A very rough sketch might look like this:
def rdrecord(record_name, sampfrom=0, sampto=None, stream=False):
record = rdheader(record_name)
if sampto is None:
sampto = record.sig_len
if stream:
record.p_signal = Lazy2DSignalArray(record, sampfrom, sampto)
else:
record.p_signal = _read_2d_signals(record, sampfrom, sampto)
return record
class Lazy2DSignalArray:
def __init__(self, record, sampfrom, sampto):
self._record = record
self._base = sampfrom
self._len = sampto - sampfrom
def __len__(self):
return self._len
def __getitem__(self, key):
if isinstance(key, slice):
(start, stop, step) = key.indices(self._len)
data = _read_2d_signals(self._record,
start + self._base,
stop + self._base)
return data[::step]
elif isinstance(key, tuple):
return self[key[0]][key[1:]]
elif hasattr(key, '__index__'):
return self[key:key+1][0]
else:
raise TypeError
Just catching up on this!
Let's not worry about backwards compatibility here. The current API behavior is not ideal, and does not allow the user to get a predictable output.
What about deprecating rdrecord
and introducing wfdb.read_record()
or maybe just wfdb.read()
?
What do people think of the suggestion of having two params: return_dims and smooth_frames? return_dims will apply for both single and multi-frequency signals, and smooth_frames will apply only to multi-frequency signals.
Is return_dims
necessary at all? The fact that it leads to situations like (2, False): Illegal combination.
isn't nice. Could we treat everything as 2d and maybe have some kind of binary flatten
flag if necessary?
What about deprecating
rdrecord
and introducingwfdb.read_record()
or maybe justwfdb.read()
?
That's the long term plan. We want a major version where old and new APIs are available, and then another one that removes the old ones.
Is
return_dims
necessary at all? The fact that it leads to situations like(2, False): Illegal combination.
isn't nice. Could we treat everything as 2d and maybe have some kind of binaryflatten
flag if necessary?
flatten
essentially does the same thing as return_dims
and the illegal combination issue would still hold. I'd argue that it's a worse keyword to use, since flattening an array may mean different things, thus making the keyword less explicit.
Hot off the press: https://github.com/MIT-LCP/wfdb-python/pull/388
See the top level functions at the bottom of the module demonstrating a non-streaming and streaming (needs a lot of work) API. My biggest takeaway while playing around with this: Why does any class/object need to have the array as one of its attribute?
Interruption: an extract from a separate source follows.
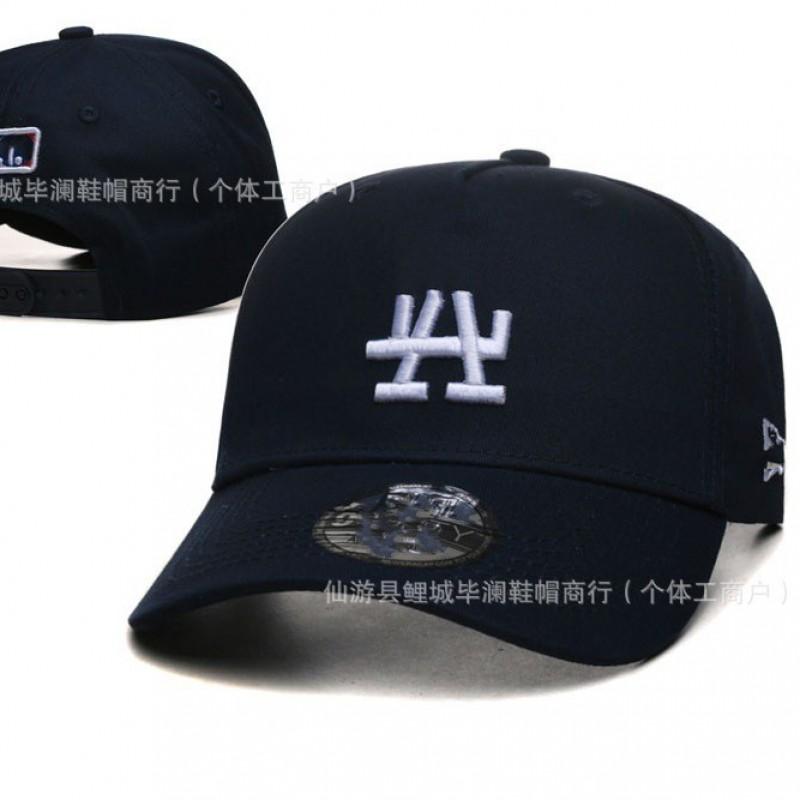 Berretto da Baseball Lettera LA Visiera Curva Regolabile Cotone Lino Cappello da Papà Uomo Donna Sport all'Aperto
Does it benefit the library, or the user? If we just separate the full data array from the class/object, we can remove the p_signal/d_signal/e_p_signal naming garbage.
^^ Thinking about it more, separating the signal data from the object may bring more confusion than benefits. Imagine reading a JPEG file into an Image
object, and not having the bytes as an object field. That would be very strange.